International career
- Years: Team / Apps / (Points)
- 2024: England U20 / 2 / (0)

= Harvey Cuckson =

English rugby union player (born 2004)

Harvey Cuckson (born 16 January 2004) is a professional rugby union footballer who plays as a lock for United Rugby Championship side Scarlets on loan from Bath.

==Early life==
Cuckson grew up in North Wales where he played junior rugby, and was later educated from the age of 13 years-old in Shropshire, England.

==Club career==

=== Bath and Worcester ===
Cuckson was in the youth rugby pathway at Worcester Warriors prior to signing for Bath Rugby in December 2022. He featured for Bath in the Premiership Rugby Cup during the 2024-25 season, making his debut in a 73-0 win against Ampthill RUFC in November 2024. In May 2025, he had his contract extended by Bath.

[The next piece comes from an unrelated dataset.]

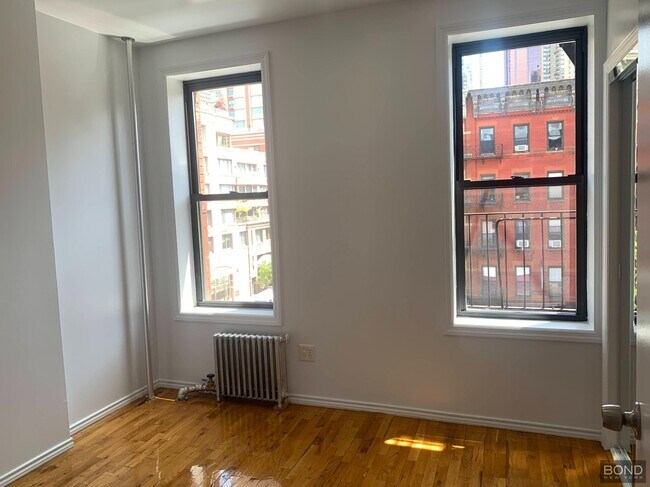 Foto del edificio - 717 9th Ave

At the start of the 2025-26 season, he joined the newly-reformed Worcester Warrior team on loan to play in the RFU Championship. He made his debut as a starter against Hartpury.

=== Loan to Scarlets ===
In October 2025, he joined United Rugby Championship side Scarlets on a short-term loan. He made his Scarlets debut away against Lions in the United Rugby Championship just days later starting alongside fellow emergency loan signing Alex Groves in the second row, on 17 October 2025, in a 29-18 defeat. After his loan initially concluded, Cuckson linked up again with the Scarlets in November.

=== Scarlets ===
On 6 May, Cuckson joined the Scarlets on a permanent contract for the 2026–27 season.

==International career==
Also qualified for Wales, Cuckson made his England Under-18 debut in matches against France and Wales in 2022 before featuring that year in the U18 Six Nations Festival. Later that year, he was included in the NextGenXV list of the leading U18 players in the world.

He was included in the England U20 squad for the 2024 World Rugby U20 Championship and featured in the tournament in a 48-11 win against Fiji U20, but had to pull-out through injury after dislocating his shoulder during the tournament in South Africa.